Aunque estas situaciones se presentan con frecuencia, tienen un significado muy importante: el camino hacia la biblioteca, el tiempo de lectura, las triquiñuelas de los microfilmes y los derechos de petición por la ausencia de libros que no existen, son algunas de las formas en las que muchos ancianos logran ejercer su ciudadanía. El tiempo, conscientes o no de ello, pasa de ser una condena a ser una herramienta para reclamar derechos. Puede ser que a muchas personas mayores se les daña el plan cuando les ceden el puesto en la fila del banco. 

Decía Natalia Ginzburg, que entre las minorías oprimidas, los ancianos son la más oprimida, pues nadie habla de ellos y a duras penas existen en el lenguaje. En la historia de Caperucita Roja, el personaje que menos curiosidad despierta, que a nadie le importa si sale viva o muerta del vientre del lobo, es la abuela. 

Es el viejo quien más conoce el tiempo, o por lo menos quien mejor comprende que el tiempo es lento.
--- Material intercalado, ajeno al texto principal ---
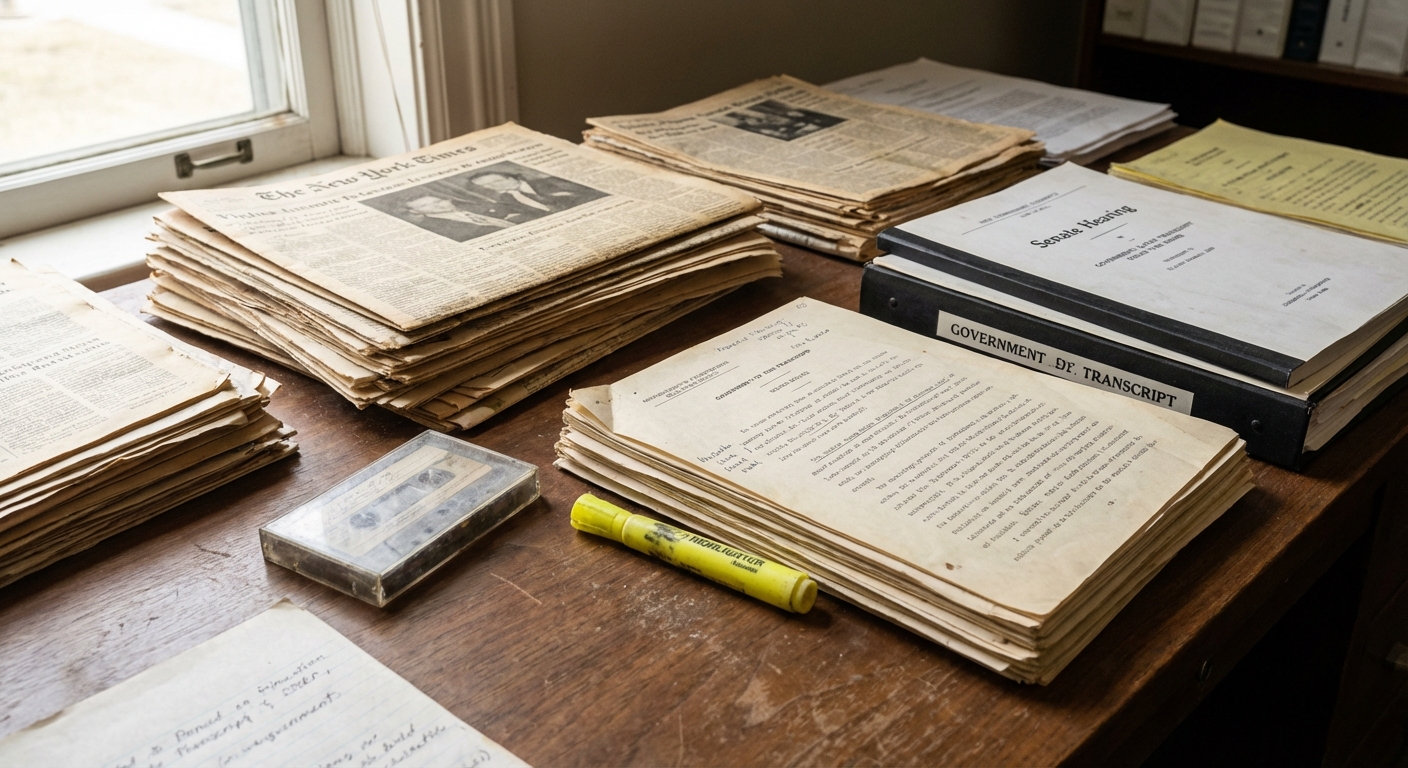 An archival desk with newspapers, hearing transcripts, a cassette tape and a highlighter in neutral tones.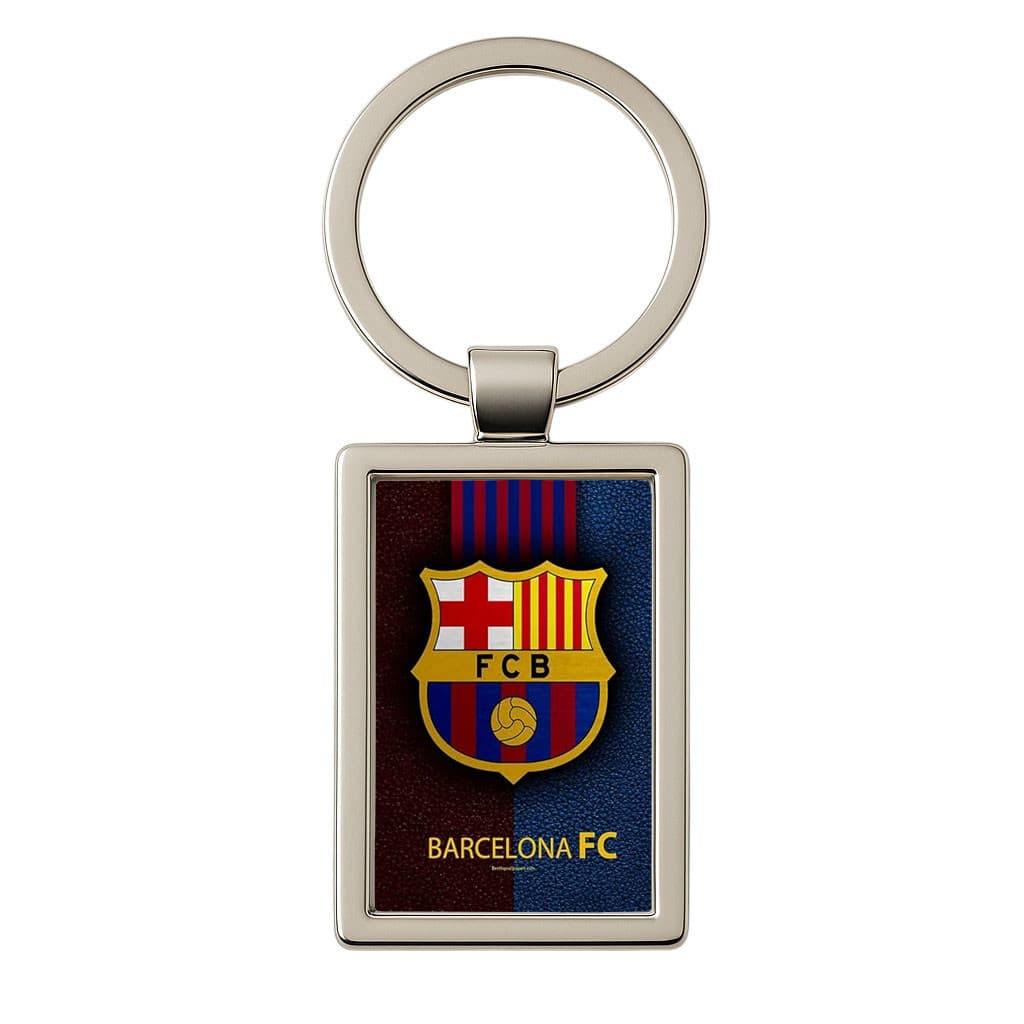 Breloc metalic dreptunghic, inel de sustinere metalic, echipa de fotbal,model 5 1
En la biblioteca el tiempo también es lento, pues la buena lectura requiere parsimonia. Así que los viejos que visitan las bibliotecas son conscientes de que el tiempo transcurre lentamente, pero también de que es escaso y por eso se empeñan en mostrar su relevancia, en tener alguna influencia sobre las vidas ajenas, así sea incomodando. Los tiempos en los que vivimos no aprecian los conocimientos y la experiencia de los mayores, ya no se escucha la voz de los sabios de la tribu. Es en la biblioteca pública donde algunos viejos consiguen su revancha, donde dejan de ser personajes secundarios y se hacen protagonistas.